A 3D Printed Aircraft Test Flies Successfully
Researchers have successfully built and flown an unmanned aerial vehicle, using 3D printing technology.
Engineering students from the University of Virginia posted a YouTube video of a plastic turbofan engine they had designed and built using 3D printing technology.
Executives at Mitre Corporation saw the video and sent an announcement to the School of Engineering and Applied Science that they were looking for two summer interns to work on a new project involving 3D printing.
Only one student, Steven Easter, then a third – year mechanical engineering major, responded to the job announcement.
Easter got the assignment to build over the summer an unmanned aerial vehicle, using 3D printing technology. In other words, a plastic plane, to be designed, fabricated, built and test – flown.
The engineers worked with inputs from their adviser, mechanical and aerospace engineering professor David Sheffler, a University of Virginia Engineering School alumnus and 20-year veteran of the aerospace industry.

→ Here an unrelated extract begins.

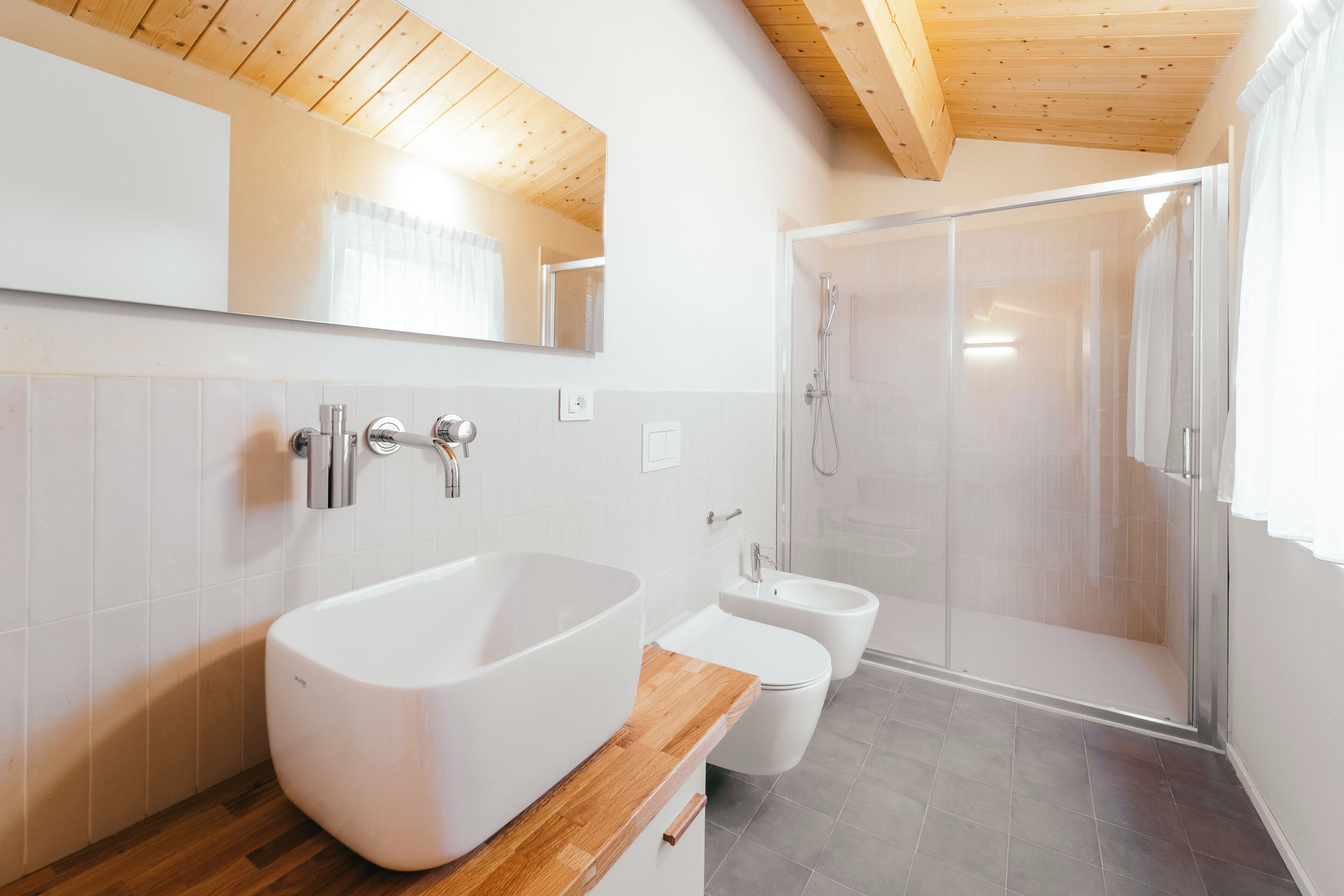 Comfort Quadruple Room, Garden View | Bathroom | Hair dryer, towels, soap, shampoo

It was a daunting project – producing a plane with a 6.5-foot wingspan, made from assembled “Printed” parts.
The students sometimes put in 80 – hour workweeks, with many long nights in the lab, the university said. Sheffler said he had confidence in them “The Entire Way.”
Eventually the plane was assembled and four test flights were undertaken in August and early September at Milton Airfield near Keswick. It achieved a cruising speed of 72.4 kmph and is only the third 3D printed plane known to have been built and flown.